Che bello ricevere un messaggio dai propri ospiti!!!!!!!!! Ecco con sorpresa che Francesca e Stefano proprio ieri sera mi hanno scritto.......e mi hanno mandato dei link nei quali potete visionare sia le foto del loro soggiorno in occasione de Is Foghidonis, che la descrizione del percorso intrapreso insieme a due piccoli pelosetti che hanno fatto da accompagnatori lungo la via per su Stampu de su Turnu.

http://www.flickr.com/photos/fra_v/sets/72157641454996113/

http://it.wikiloc.com/wikiloc/view.do?id=5994937

Grazie ragazzi per la fiducia che mi avete accordato. Baci

domenica 23 febbraio 2014

In cerca di asparagi

Anche oggi una bellissima giornata.......sole, tanto sole e questo è positivo perchè ti viene una voglia irrefrenabile di uscire, finalmente allontanarsi dal freddo invernale. Come vi avevo raccontato nel post precedente, la zona del lago del Flumendosa in questa stagione è bellissima e non potevo certamente cogliere l'occasione di andare a fare una passeggiata e cercare asparagi.........Appena scesa dall'auto proprio nel punto di fermata ecco che sollevo un attimino gli occhi sulla pianta per ammirare un rampicante sull'olivo, non ne conosco il nome ma mi basta ammirarlo nei suoi colori e nella sua bellezza.
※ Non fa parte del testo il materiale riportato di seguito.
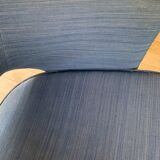 Blue armchair in the 1970s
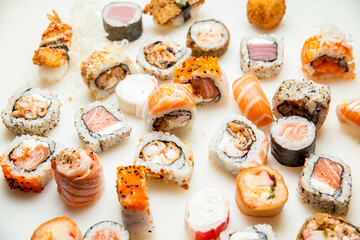 food, sushi, fish, japanese, rice, seafood, meal, dinner, plate, roll, cuisine, gourmet, salmon, asia, japan, lunch, dish, appetizer, raw, healthy, snack, cheese, bread, fresh, delicious, seaweed, mak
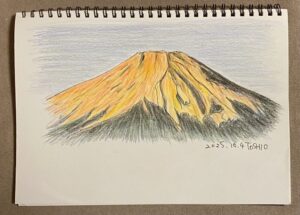 絵画№71 「富士近景」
Cammina cammina e subito l'orizzonte si apre e si scorge laggiù il lago,



il terreno è scosceso, con tantissime pietre superficiali. Un tempo queste zone erano ricche di vita, quella contadina intendo. Tutto era coltivato, principalmente a grano. Gli oliveti attentamente seguiti durante ogni fase del loro sviluppo e produzione, ora abbandonati e inselvatichiti.


Le fichi d'india cresciute a dismisura come dei grandi alberi. Curioso come la natura si è riappropriata dei suoi spazi.........C'è un silenzio, interrotto dal canticchiare degli uccelli........ Mi riposo fra le braccia spoglie di questo fico........


Di asparagi non ce ne sono tanti, ma questo mi importa poco. Ma eccone qualcuno


Lo colgo immediatamente sistemandolo assieme agli altri. Il percorso prosegue e si incontra la ferrovia........sempre li, sempre uguale nel tempo.


Poco più in la la cantoniera ci attende. Ora disabitata e fatiscente, ma un tempo vissuta da intere e numerose famiglie. 

Questo un particolare dell'interno con il forno per il pane e il sotto, forse per sistemare la legna o credo per ricoverare le galline per la notte al fine di sottrarle al predatore naturale.


La scala per salire al piano superiore


un'unica stanza per tutta la famiglia


Lascio la casa cadente, lascio gli oggetti da lavoro di un tempo recente e lontano,


Eccomi qui nuovamente fra le chiome dormienti degli alberi


con la sorpresa di trovare degli olivi selvatici maturi. Li ho assaggiati perchè per un attimo li ho confusi con il mirto, ma ....che sciocca, la pianta era talmente grande che non poteva essere!!! Pensate che la grandezza del frutto era come la bacca del mirto, ma il sapore non poteva competere!!!


Anfratti che nascondono riparo per gli animali,


e variopinte pareti di roccia


Ma la maleducazione degli "umani" non incontra confini, ecco la testimonianza della cafonaggine....


cartoncino per munizioni e resti di un relax post pausa pranzo........


e bossoli a non finire!!!!! Le bestie non sporcano, leggevo giorni scorsi, si invita gli umani a comportarsi come loro!!!!!


Dimentichiamoci le inciviltà e inebriamoci in questa cascata di luce.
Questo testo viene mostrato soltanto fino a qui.